17.60-62 In the original text, verse 60 is numbered as 61, 61 as 62,
and 62 as 60. This has been slightly changed for better
reading in the present translation.
17.63 For the triple energies or powers, see 3.13.
17.65 The four classes of people and four stages of life traditional
to Hindu society are well known. One-sixth of the produce
was the traditional tax due the ruler.
17.67 The six-faced god is the divine general mentioned at 5.36.
The six powers of a ruler are described as limbs of the state in
1.60. Also see 8.21 for the six measures of policy.
17.68 For the fourfold policy, see 10.86.
17.78 The gods guarding the four quarters of the world in tradition
are Indra, Yama, Varuna and Kubera, also mentioned earlier
and at verse 17.81. The five basic elements were earth, water,
light, air and space. Tradition also listed seven sacred
mountains.
17.79 The parasol was a traditional symbol of sovereignty.
CANTO 18
18.1 Some scholars identify the location of Nishadha with the
Kumaon hills region in the present Uttarakhand state.
18.3 This refers to Atithi, as in verse 17.1.
18.4 The reference is to King Nishadha, as in verse 18.1.
18.7 See 3.5 for Uttara Kosala. The father here is Nala.
18.8 This verse plays on multiple meanings of the word pundarika:
a celestial elephant, a white lotus flower, and a proper noun.
18.10 The new king is Kshemadhanva.
18.16 Pariyatra is one of the seven sacred mountains alluded to by
17.78.
18.20-1 These verses play on the words nabhi and vajra, for navel
and thunder respectively.
18.24 The god Shiva, known as Vishvanatha in Kashi.
18.27 Soma was a legendary plant’s juice used in sacred rituals.
18.31 Pushkara was a venue of pilgrimage, the name is still borne
by one near Ajmer.
18.32 This verse focuses on the word Pushya, both the name of the
prince it mentions, and of a starry constellation visible in the
sky during December-January which gives the name Pausha
to that lunar month.
18.43 The whisk and the parasol were emblems of royalty as at
14.11. Side locks, also called raven’s wings, were a sign of
early age vide 11.1
18.44 The tilak is the auspicious mark put on the forehead, specially
on ceremonial occasions. The implication here is that the
kings had been killed and their wives widowed.

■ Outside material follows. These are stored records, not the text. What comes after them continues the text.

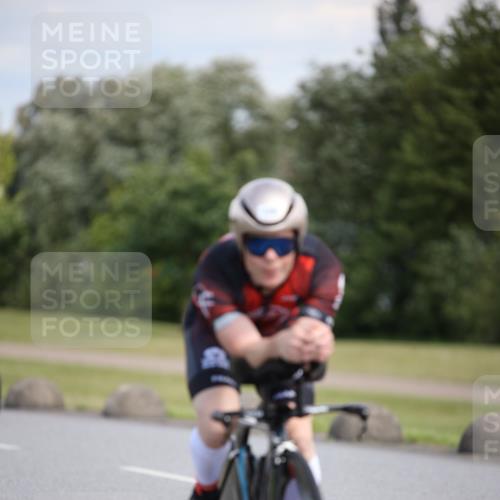 16.06.2024 - 26. Vierlanden-Triathlon Jannik Wohlers http://msf.ph/oto/6291302 16.06.2024 11:32:01 Radfahren 129, 160, 206, 318, 514, 525, 552 meine-sportfotos.de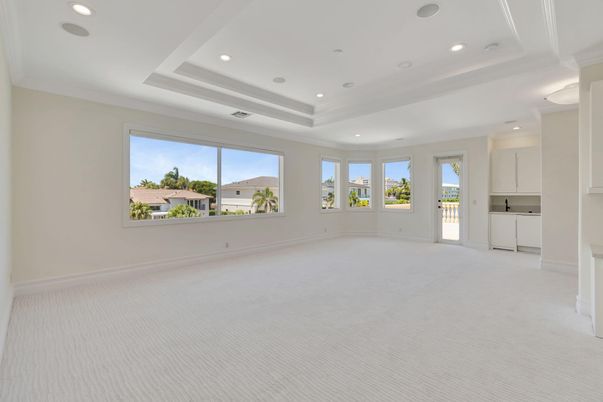 Empty room, Interior, Recessed Lighting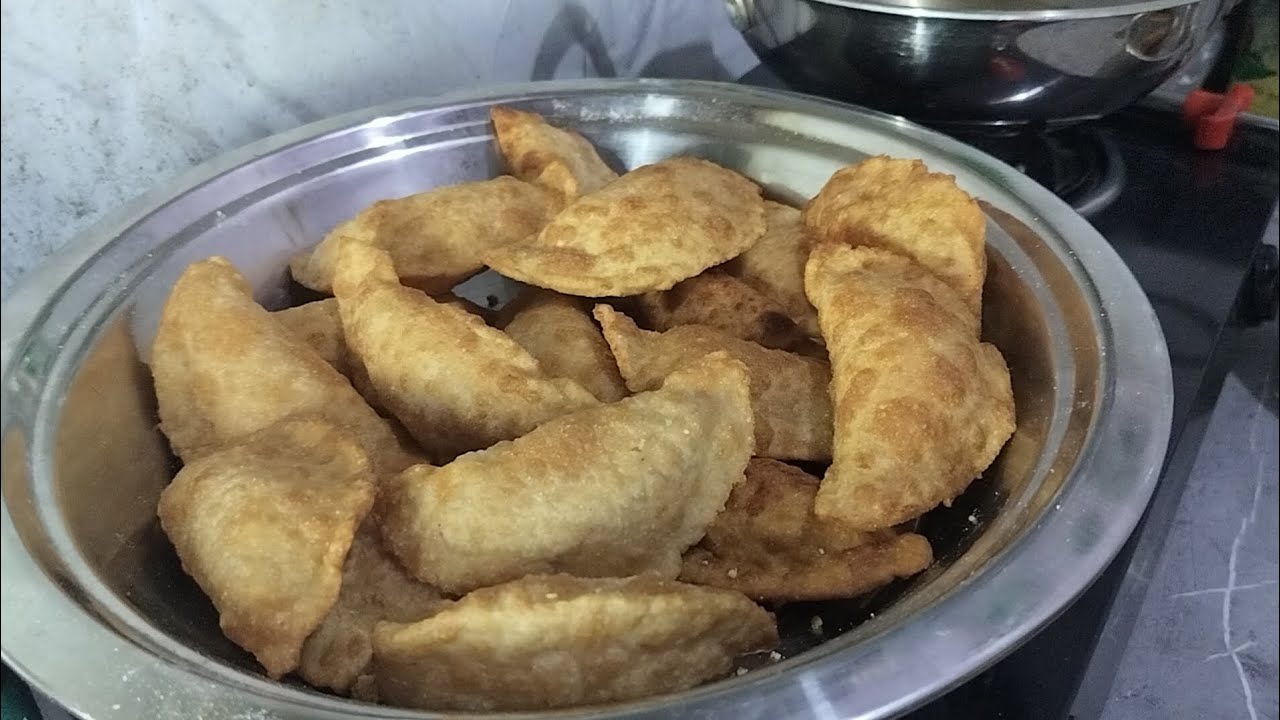  బెల్లం కజ్జికాయలు ఒకటి తింటే వదలకుండా రెండు మూడు తినేస్తారు చాలా టేస్టీగా ఉంటాయి 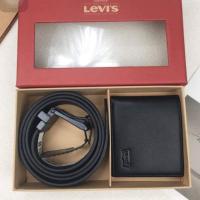 ราคา Levi's กระเป๋าสตางค์+เข็มขลัด ลีวายส์ (3706351951)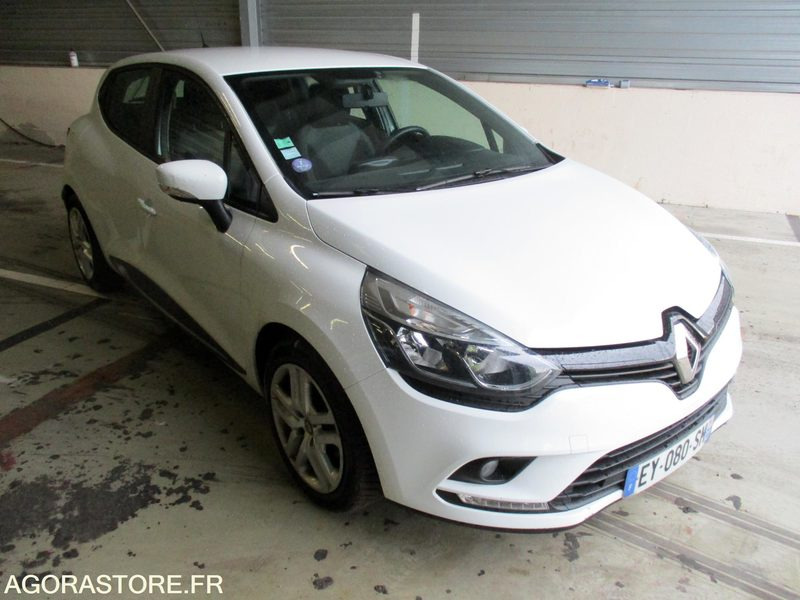 Renault Clio 4 - 2018 - 105194 kms - Car: picture 2 Renault Clio 4 - 2018 - 105194 kms - Car: picture 2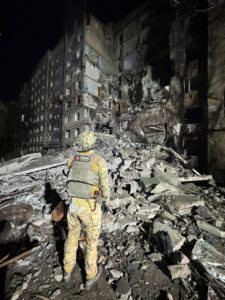 Росіяни скинули авіабомбу на житловий будинок у Костянтинівці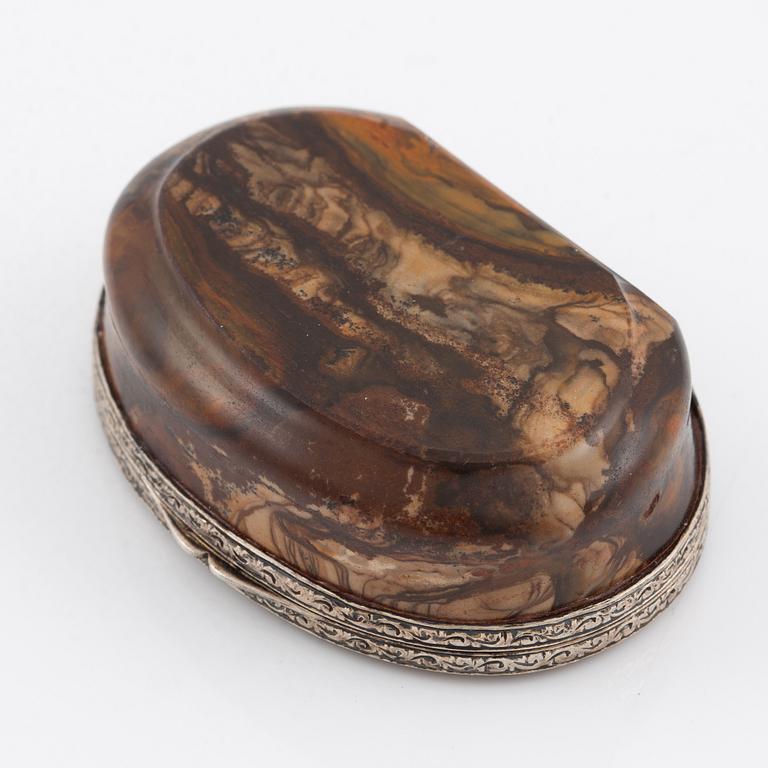 An agate and silver-mounted box, circa 1900.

18.50 See 1.25 for the threefold ends of human activity. The triple
knowledge of state refers broadly to intelligence gathering,
punishment and policymaking.
CANTO 19
19.1-2 The king mentioned here is Sudarshana, described in Canto
18 from verse 18.35. onwards. Incidentally, Naimisha is also
the forest where, in tradition, the story of the Mahabharata
was narrated to the sages by Sauti.
19.12 The tree is Mimusops elengi, traditionally said to blossom
when sprinkled with wine from the mouth of a young woman.
See 9.30.
19.35 Biting and scratching were associated with making love, and
their marks seen as signs that it had happened.
19.37 Still known by the Sanskrit name, the tree is Nauclea
cadamba, famous for its fragrance and flowers in the
monsoon season. See also 13.27 and 15.99.
19.39 Kartika is the Sanskrit lunar month corresponding to October-
November, when the moon usually shines in a cloudless sky.
19.46 This is the trumpet flower from the plant Bignonia
suaveolens. Also at 16.52.
19.53 In tradition, a man’s debt to his ancestors was discharged with
the birth of a son. See verses 1.67–71.